Because it's what he does with them, how he "keeps" them that moved me so. These birds are free, flying all over the farm. Flying many kilometers up and down the river, voicing harsh shrieks that, in their harshness, still sound joyful.
But they come back to Don Alvaro for peanuts and a little loving.
Having lived with a captive chestnut-fronted macaw for 23 years, I could immediately see that this was a much, much better way. Perhaps the only way to "keep" any parrot. Free.
Macaws are widely perceived as so valuable that very few people would dare to release them into the garden, much less the sky.
But Don Alvaro relies on their native intelligence and their attachment to the only home they know. And he hopes they will breed, make more macaws, perhaps in time even repopulate some of the area, perhaps La Selva Biological Reserve, which after all isn't too far away.

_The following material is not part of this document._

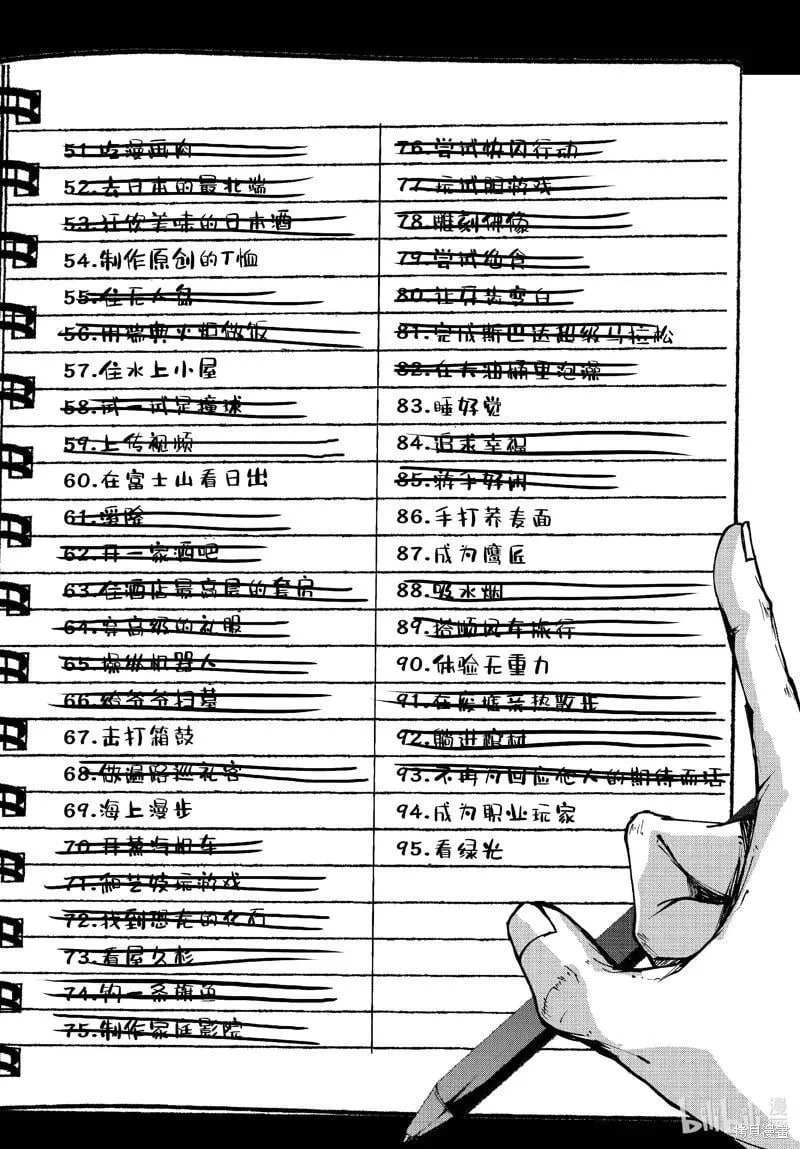 第69话 第24页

As a trained observer can see, one pair has already bred. A great green macaw paired with a scarlet, making some lovely hybrid babies--four in one clutch!
You can't tell someone whom to love. Mama and Papa, likely the birds to the right--and three of their sunny rainbow babes lined up.
Even though it was a bit of a bio-misfire, it was encouraging to see that they could successfully breed. I hoped hard that some same-species pairs would follow suit. Don Alvaro has huge nest boxes in the trees around the place, hoping. The world needs more macaws. Everywhere they once were, they are disappearing.
Having seen so many macaws languishing in iron cages, sitting still and mopey on perch stands, their colors and eyes dull with boredom, seeing them swooping and bickering and yelling here was a tonic si sorely needed.
Oh, they were saucy and loud. Yet their screams fit this vibrant place, were part of its music. They dissipated into the open sky. I realized that listening to macaws screaming indoors is nothing but painful. Outdoors it's music.
These macaws have found a friend, someone who understands and trusts them.
Who believes in them enough to set them free.
Though he has very little English, and his Spanish was far too rapid for me to understand, Don Alvaro's kindness and love permeates this place. Just being there with him among the birds changed me forever.